Average headline CPI inflation during the first four months of FY19 has increased to 5.9 per cent as compared to 3.5 per cent in the corresponding period of FY18.
This trend is even more pronounced for core inflation, which indicates growing inflationary pressures in the economy. A disaggregated analysis reveals that this is due to both, demand and supply-side factors.
Considering these developments, SBP projects average headline CPI inflation for FY19 in the forecast range of 6.5-7.5 per cent, above the annual target of 6 per cent.
Although the recent decline in international oil prices could potentially play a positive role in slowing down the current inflation trajectory, the risks currently remain tilted towards the downside.
Taking a lead from the recent large-scale manufacturing data, economic activity is expected to witness a notable moderation during FY19 reflecting a short-term cost of pursuing macroeconomic stability.
The lagged impact of the 275 basis point increase in the policy rate since January 2018 and other policy measures is likely to contain domestic demand during the current fiscal year.
Furthermore, initial estimates for major crops, except wheat, are expected to fall short of levels achieved in the last year. The slowdown in commodity producing sectors is expected to limit the expansion in the services sector as well.
In this backdrop, SBP projects real GDP growth for FY19 at slightly above 4 per cent.
On the external front, import growth decelerated to 5.8 per cent during Jul-Oct FY19 from 26.3 per cent recorded in the same period last year reflecting the impact of recent tightening measures.
Even this growth in imports is mainly explained by an increase in the oil import bill because of higher international oil prices. Non-oil imports contracted by 4 per cent in the first four months of FY19.
This, along with a continued increase in exports and workers remittances, narrowed the external current account deficit from US$5.1 billion in Jul-Oct FY18 to US$4.8 billion in Jul-Oct FY19; a net improvement of 4.6 per cent.
Despite these positive developments, SBPs net liquid foreign exchange reserves remained under pressure falling to US$8.1 billion as of November 23, 2018 from US$9.8 billion at the end of FY18.
Going forward, there is an expectation of receiving higher foreign inflows from both private and official sources during the second half of FY19. Furthermore, recent bilateral arrangements including the deferred oil payments facility would also be available to the market from January 2019 onwards.
The projected decrease in the current account deficit, that could be further supported by the recent decline in international oil prices will instill confidence in the foreign exchange market. These developments would help reduce pressures on SBPs net liquid foreign exchange reserves.

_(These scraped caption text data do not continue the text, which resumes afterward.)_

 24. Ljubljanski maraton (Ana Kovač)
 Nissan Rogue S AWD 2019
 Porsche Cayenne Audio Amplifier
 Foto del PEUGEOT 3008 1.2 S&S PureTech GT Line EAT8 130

In the first four-and-a-half months of FY19, statistics show that almost all liquidity in the banking system is generated through an increase in the Net Domestic Assets (NDA) as the Net Foreign Assets (NFA) continued to contract. Besides the increase in budgetary borrowings from SBP, relatively higher credit flows to the private sector have been the major contributors to an increase in NDA.
Despite contractionary monetary conditions, an increase in working capital needs due to capacity additions in the last three years and recent substantial increases in input prices, are the main reasons behind relatively higher credit flows to the private sector.

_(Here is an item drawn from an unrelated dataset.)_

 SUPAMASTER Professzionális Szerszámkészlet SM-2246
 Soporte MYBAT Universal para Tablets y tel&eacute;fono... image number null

After considering all of these developments, the Monetary Policy Committee noted that continued inflationary pressure (and rising inflationary expectations) needs to be checked; real interest rates remain low; although narrowing, the current account deficit is still high and the fiscal deficit remains elevated; and unfolding global developments, particularly the gradual but consistent normalisation of monetary policy in the developed economies demands proactive domestic monetary management.